### TASK ITEM
Nothing below is to be printed except the lines between the line holding "Shatchi Silver 8" and the line holding "puertas de interior", inclusive, each exactly as it appears.

### DATA EXCERPTS
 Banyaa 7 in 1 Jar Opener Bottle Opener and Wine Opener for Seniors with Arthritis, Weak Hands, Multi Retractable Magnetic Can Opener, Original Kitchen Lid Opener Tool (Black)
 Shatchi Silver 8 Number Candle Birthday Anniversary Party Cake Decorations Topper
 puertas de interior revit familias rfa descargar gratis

---

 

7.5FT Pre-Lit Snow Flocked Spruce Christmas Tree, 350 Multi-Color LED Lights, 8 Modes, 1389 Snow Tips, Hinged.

* * *

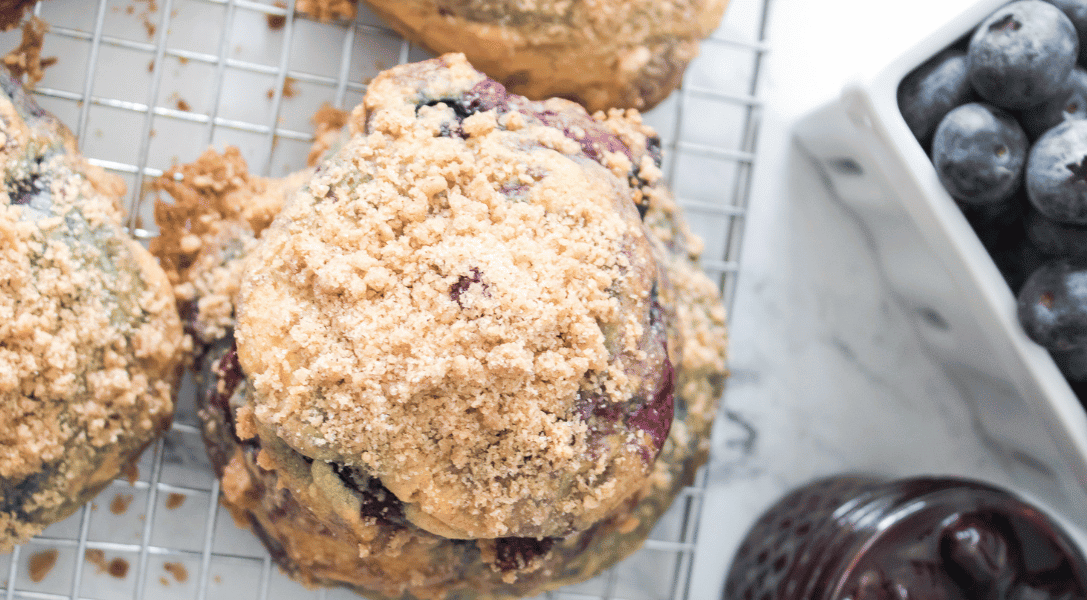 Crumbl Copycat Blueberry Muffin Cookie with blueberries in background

### PROBLEM SOLUTION
 Shatchi Silver 8 Number Candle Birthday Anniversary Party Cake Decorations Topper
 puertas de interior revit familias rfa descargar gratis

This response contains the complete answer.